## DATA EXCERPTS
● ● ●
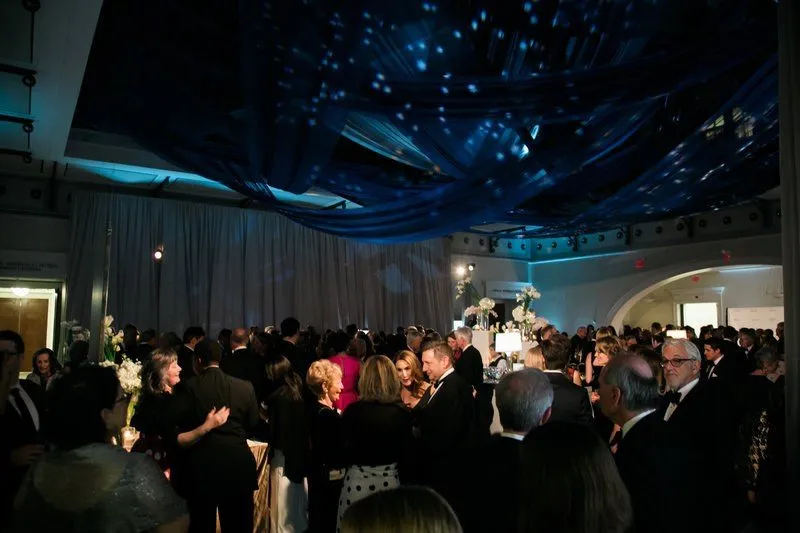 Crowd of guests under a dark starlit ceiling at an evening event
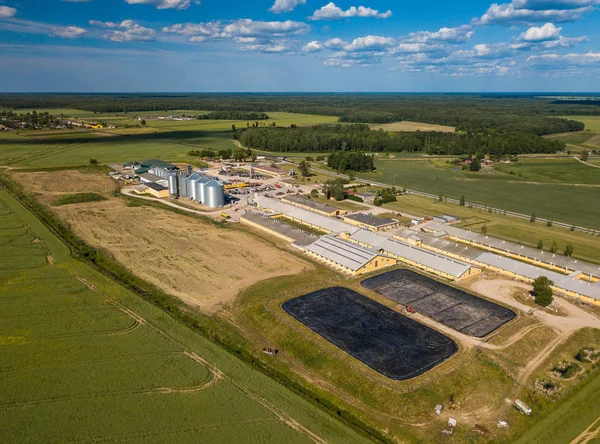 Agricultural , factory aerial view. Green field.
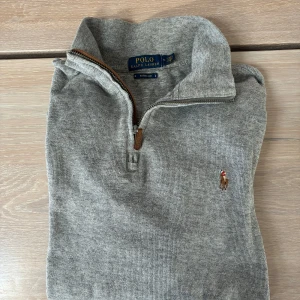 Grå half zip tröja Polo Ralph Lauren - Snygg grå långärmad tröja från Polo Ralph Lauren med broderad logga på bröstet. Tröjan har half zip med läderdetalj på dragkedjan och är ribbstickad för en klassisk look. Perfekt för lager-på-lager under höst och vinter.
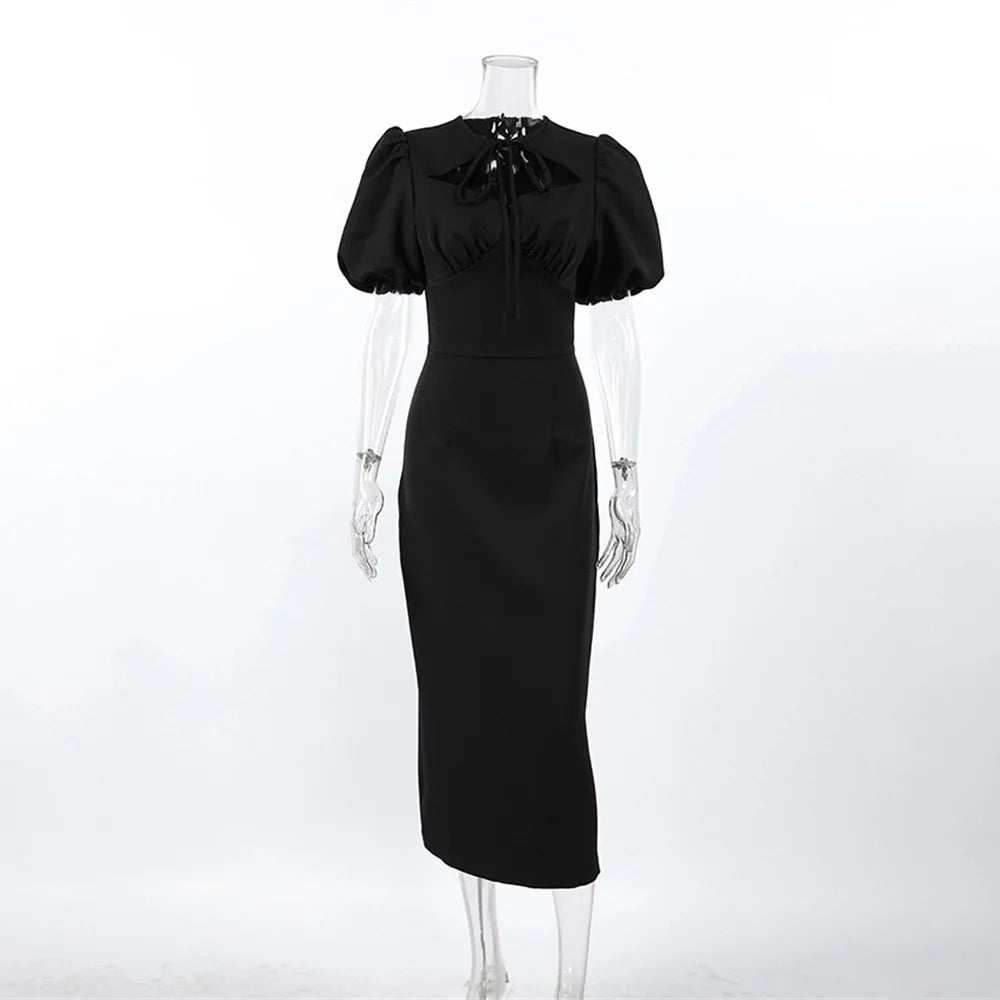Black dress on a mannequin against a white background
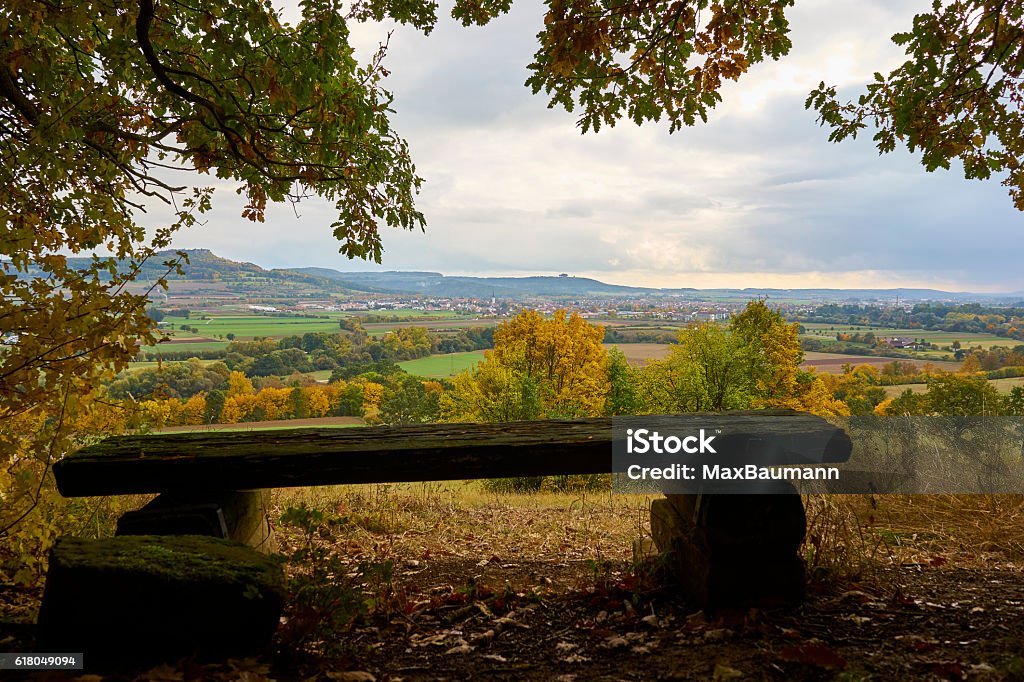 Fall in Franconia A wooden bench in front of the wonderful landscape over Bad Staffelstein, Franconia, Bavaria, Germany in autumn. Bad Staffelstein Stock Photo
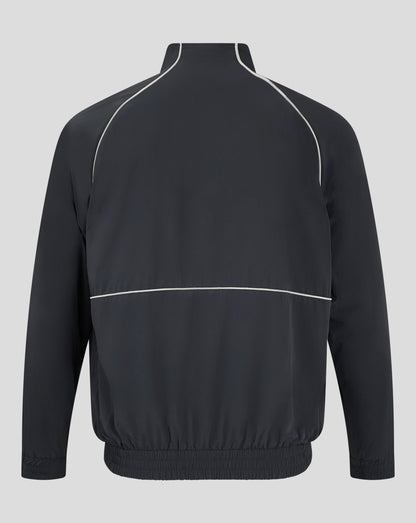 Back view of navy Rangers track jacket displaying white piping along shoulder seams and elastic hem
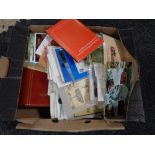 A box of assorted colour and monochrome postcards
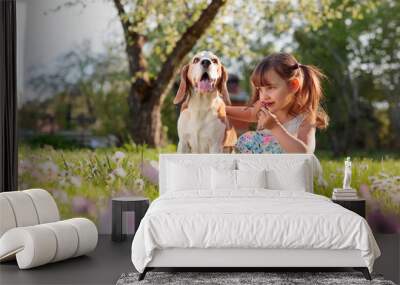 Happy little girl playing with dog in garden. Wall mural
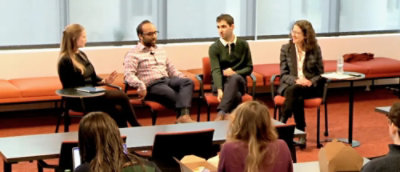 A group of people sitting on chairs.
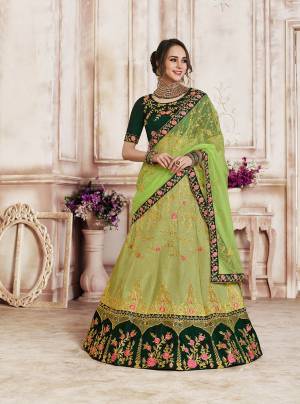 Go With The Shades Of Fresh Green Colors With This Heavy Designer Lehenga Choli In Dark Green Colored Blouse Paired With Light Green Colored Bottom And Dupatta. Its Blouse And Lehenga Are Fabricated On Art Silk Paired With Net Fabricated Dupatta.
● ● ●
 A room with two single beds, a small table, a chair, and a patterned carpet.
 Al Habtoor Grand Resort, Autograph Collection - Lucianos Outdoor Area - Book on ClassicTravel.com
● ● ●
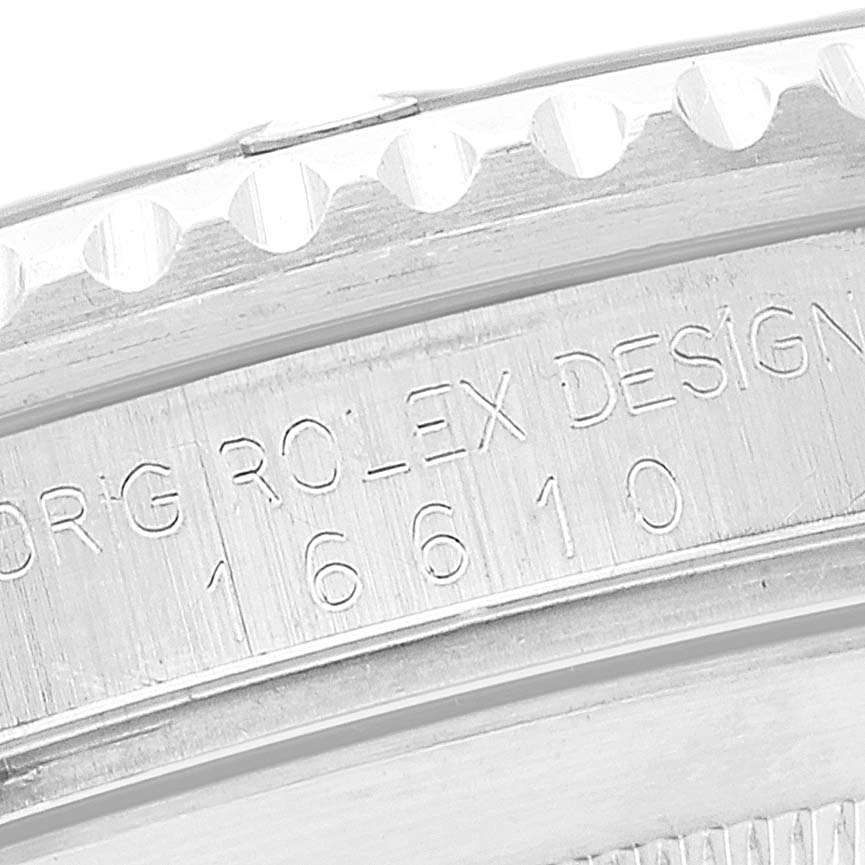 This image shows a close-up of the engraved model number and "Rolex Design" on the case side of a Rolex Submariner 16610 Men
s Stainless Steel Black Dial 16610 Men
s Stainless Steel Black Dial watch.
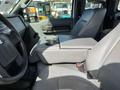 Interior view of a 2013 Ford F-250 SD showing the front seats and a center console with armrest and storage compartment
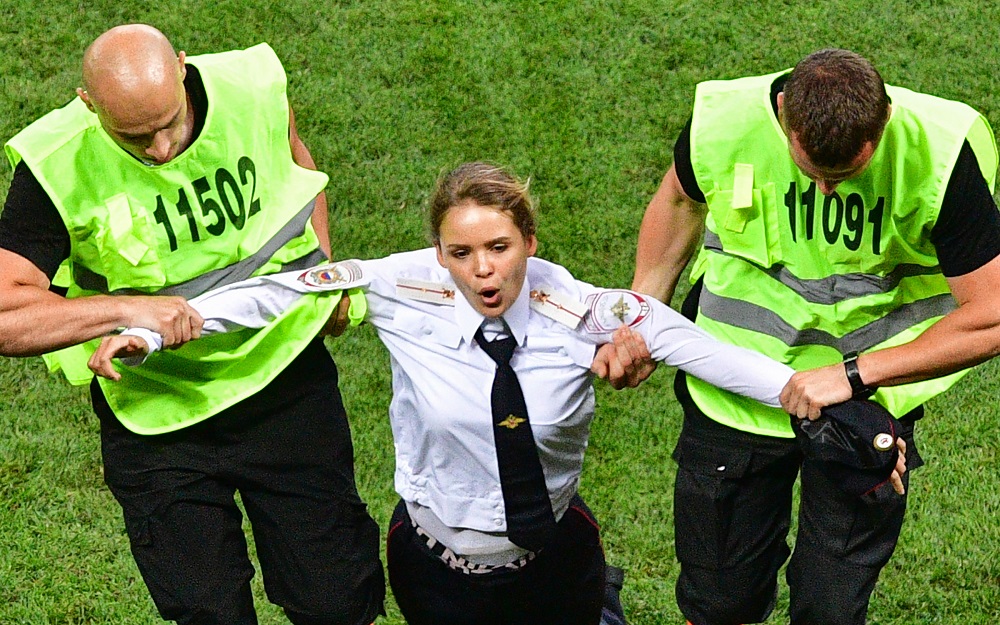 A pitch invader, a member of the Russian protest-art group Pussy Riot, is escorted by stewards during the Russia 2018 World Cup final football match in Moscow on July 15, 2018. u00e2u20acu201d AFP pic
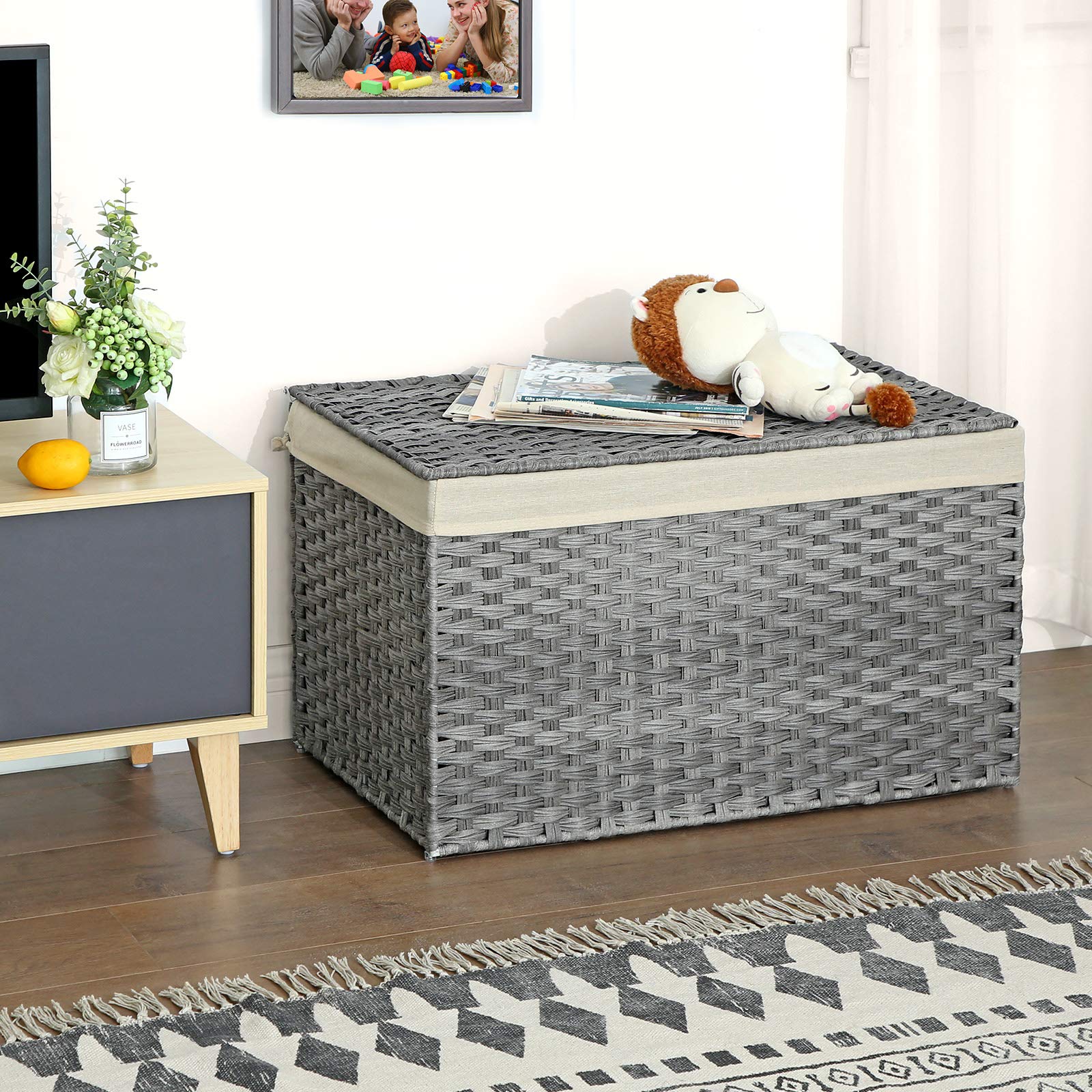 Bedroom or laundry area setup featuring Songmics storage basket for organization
● ● ●
## DESCRIPTION OF THE TASK
Take the material above and output only the lines from the one that contains "Crowd of guests" through the one that contains "Black dress on", ends included and images left out.

## FINISHED TASK
 Crowd of guests under a dark starlit ceiling at an evening event
 Agricultural , factory aerial view. Green field.
 Grå half zip tröja Polo Ralph Lauren - Snygg grå långärmad tröja från Polo Ralph Lauren med broderad logga på bröstet. Tröjan har half zip med läderdetalj på dragkedjan och är ribbstickad för en klassisk look. Perfekt för lager-på-lager under höst och vinter.
Black dress on a mannequin against a white background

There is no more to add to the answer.